La storia di un nostro assistito in “messa alla prova”: oggi è un punto di riferimento per gli adolescenti
Luigi ha sempre vissuto nelle periferie milanesi in contesti di marginalità e di sfilacciamento sociale. A seguito di una condanna penale ha potuto accedere alla misura della messa alla prova. Si tratta di una formula innovativa nel sistema giudiziario italiano che permette, nei casi di reati di minore allarme sociale, una sospensione del procedimento penale con lo svolgimento di una mansione sociale.
La messa in prova è uno strumento importante, che permette un reale recupero delle persone. I numeri sono significativi: nel 2021 in Italia, secondo il rapporto dell’Associazione Antigone, si è arrivati a 23.888 persone, dunque il 50% della totalità delle persone in misura alternativa.
Messa in prova, uno strumento in crescita
E la tendenza è quella di crescere ancora: nel 2014 erano appena 500 le persone a cui era stato sospeso il procedimento per messa alla prova, dopo quella data, l’entrata in vigore della riforma ha prodotto un deciso aumento che non ha subito flessioni, tranne che nel 2020, anno della pandemia. Il Covid-19 ha infatti prodotto un rallentamento anche dell’attività degli Uffici di Esecuzione penale esterna (che hanno il “governo” della messa alla prova, in termini di predisposizione dei programmi). Tale rallentamento ha congelato i numeri della messa alla prova che tuttavia sono tornati a crescere con il diminuire dell’emergenza pandemica (+13% dal 2020 al 2021).

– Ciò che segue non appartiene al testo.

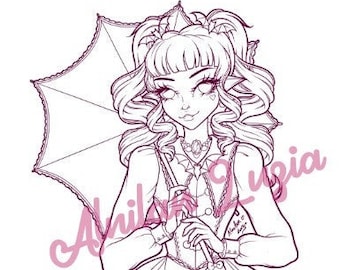 Monster girls inspired bundle &lt;3 - Printable colouring pages (PNG)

Un dato interessante riguarda la suddivisione per genere delle persone messe alla prova: le donne sono 3.909, gli uomini 19.979. Percentualmente significa che le donne sono il 19,5% del totale. Il che conferma la tendenza di una maggior frequenza di accesso delle donne alle sanzioni di comunità, rispetto alla carcerazione. In carcere infatti, le donne non hanno mia superato il 5% del totale della popolazione detenuta. La situazione si “capovolge” se si analizza la nazionalità: le persone straniere in messa alla prova sono il 16% del totale, dunque circa la metà degli stranieri presenti in carcere.
Luigi, dalla messa alla prova alle palestre sociali
Luigi ha sempre avuto una grande passione: le arti da combattimento. E così ha utilizzato la sua messa alla prova mettendo in piedi delle palestre sociali che sono diventate un luogo di crescita e confronto per ragazzi fragili. Venuto in contatto con Il Melograno, si è scelto di valorizzare i suoi talenti e potenzialità e di lavorare sulle sue competenze di insegnamento delle arti da combattimento.
Un percorso generativo di inclusione e accettazione reciproca
Così Luigi è diventato un punto di riferimento per gli adolescenti maschi della nostra comunità, un esempio positivo. È un percorso generativo di inclusione e accettazione reciproca, riparativo del senso di colpa e di stigma, una testimonianza vivente di come sia possibile rialzarsi in momenti di difficoltà e ripartire dalla proprie competenze. Insieme alla passione condivisa con gli altri.
Tutti i sabati mattina Luigi e i suoi ragazzi si incontrano in questo laboratorio di arti da combattimento e reciproca conoscenza. Si parte dal presupposto che anche chi è utente piò diventare generatore di bellezza e di prassi positive. Il laboratorio sarà aperto in là con il tempo anche al territorio e al vicinato della comunità per promuovere la vita di quartiere e il superamento delle proposte di attività “per stigma”.